SPECIFICATION An improved optical cable This invention relates to optical cables for the transmission of the ultraviolet, visible and infra-red regions of the electromagnetic spectrum, which regions, for convenience, will hereinafter all be included in the generic term "light", and especially, but not exclusively, to optical cables for use in the communication field adapted for transmission of light having a wavelength within the range 0.8 to 1.9 micrometres.

The present invention provides an improved optical cable in which the optical fibres are protected against tensile forces.

According to the invention, the improved optical cable comprises a central elongate core comprising an elongate tensile-resistant reinforcing member surrounded by an outer peripheral layer of highly deformable plastics material; a plurality of formed tubes of plastics material in each of some or all of which is or are loosely housed at least one separate optical fibre and/or at least one optical bundle as hereinafter defined, which tubes are wound in a layer around the central elongate core in such a way that the direction of lay of the tubes reverses at spaced positions along the length of the cable; and an outer protective sheath surrounding the tubes in such a way that the tubes are loose in the sheath, the deformability of the deformable material and the looseness of the tubes in the sheat being such that, when the cable is stressed by a longitudinally applied tensile force, the angles of lay of the tubes are reduced to increase the effective lengths of the tubes and thereby reduce the strain that might otherwise be imparted to the optical fibre or fibres.

Since the central elongate core includes an outer peripheral layer of highly deformable material, the core can be readily twisted in opposite directions at spaced positions along its length as the angles of lay of the tubes are reduced, the tensile-resistant reinforcing member of the core continuing to provide tensile strength.

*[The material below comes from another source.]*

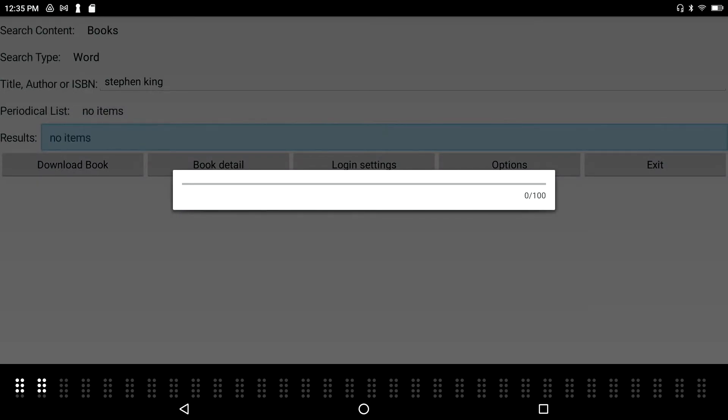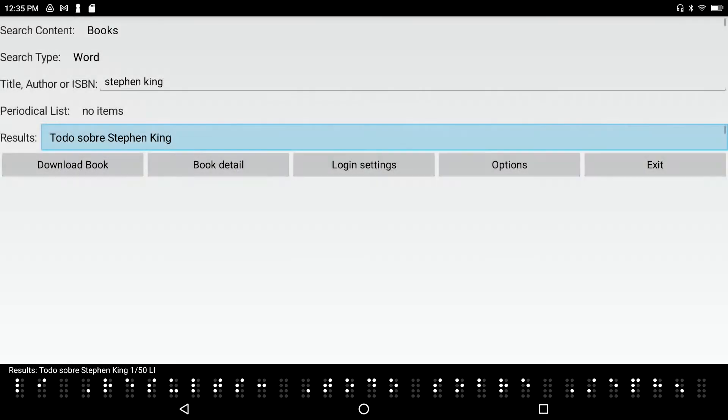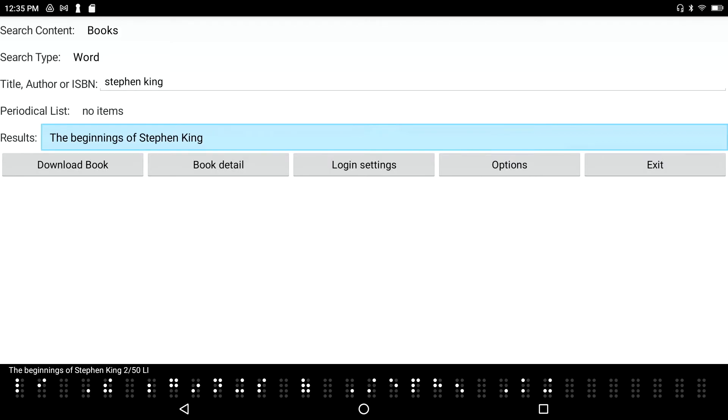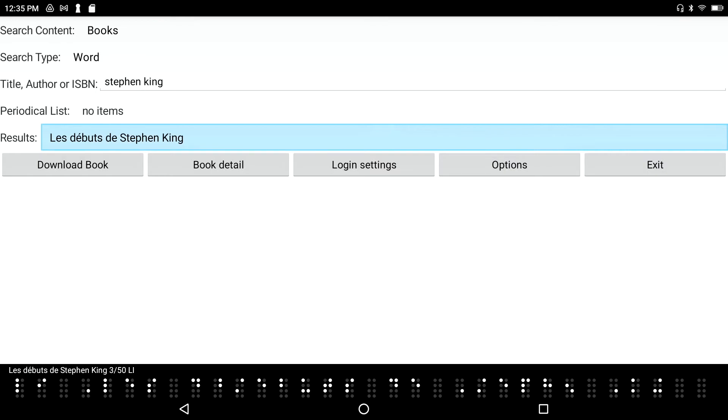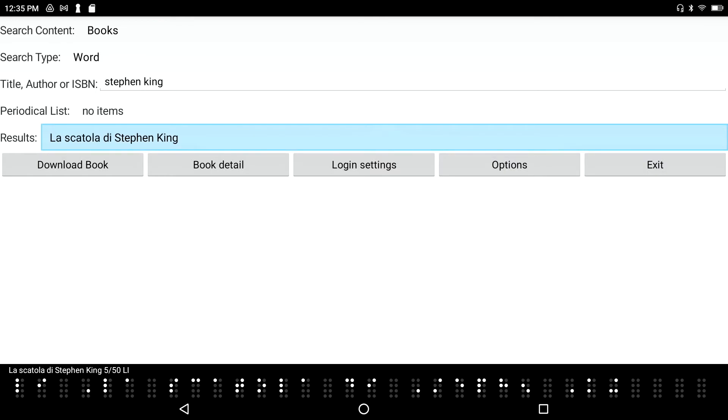Again, the dancing braille progress cells going from left to right. Results: total sobre Stephen King, 150 list item. I've got 50 options in this list. It seems like the top 50 options always come up in this list. I'm going to down arrow through here. The Beginnings of Stephen King. Oh okay, that sounds interesting. Clea, Lost Galilee, Stephen King and American History.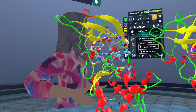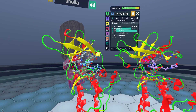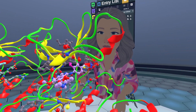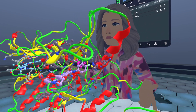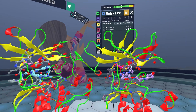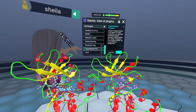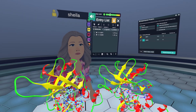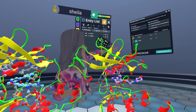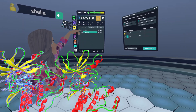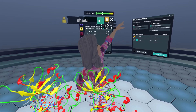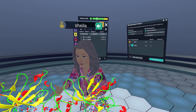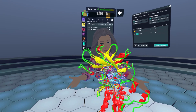Now that we have our model built for where we think that methionine might be, I want to show you how we can quickly superimpose these structures using our new superimpose plugin. We go to Stacks, Superimpose Proteins, and activate and run. When there are only two proteins in the space, there's a fixed protein and a moving structure already pre-populated. It comes pre-selected to run on backbone carbons, and all we have to do is click Superimpose.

By the expression "optical bundle" is meant a group of optical fibres or a group of fibres including at least one optical fibre and at least one non-optical reinforcing fibre or other reinforcing elongate member.

By virtue of being housed loosely in a tube, limited relative movement between the or each separate optical fibre and/orthe or each optical bundle and the tube can take place when the cable is flexed.

Preferably, the tubes are laid-up around the central core in such a way that, at each separate direction of lay along the length of the cable, the tubes do not make more than one complete turn around the central core, Preferably, each tube is of an extruded polymeric material whose molecules have been orientated to lie longitudinally with respect to the axis of the tube.

Polymeric materials of which the tubes may be made include polypropylene, polyethylene and polyethylene and terephthalate.

The or each separate optical fibre and/or the or each optical bundle preferably has a length that is not shorter than the axial length of the tube in which it is loosely housed.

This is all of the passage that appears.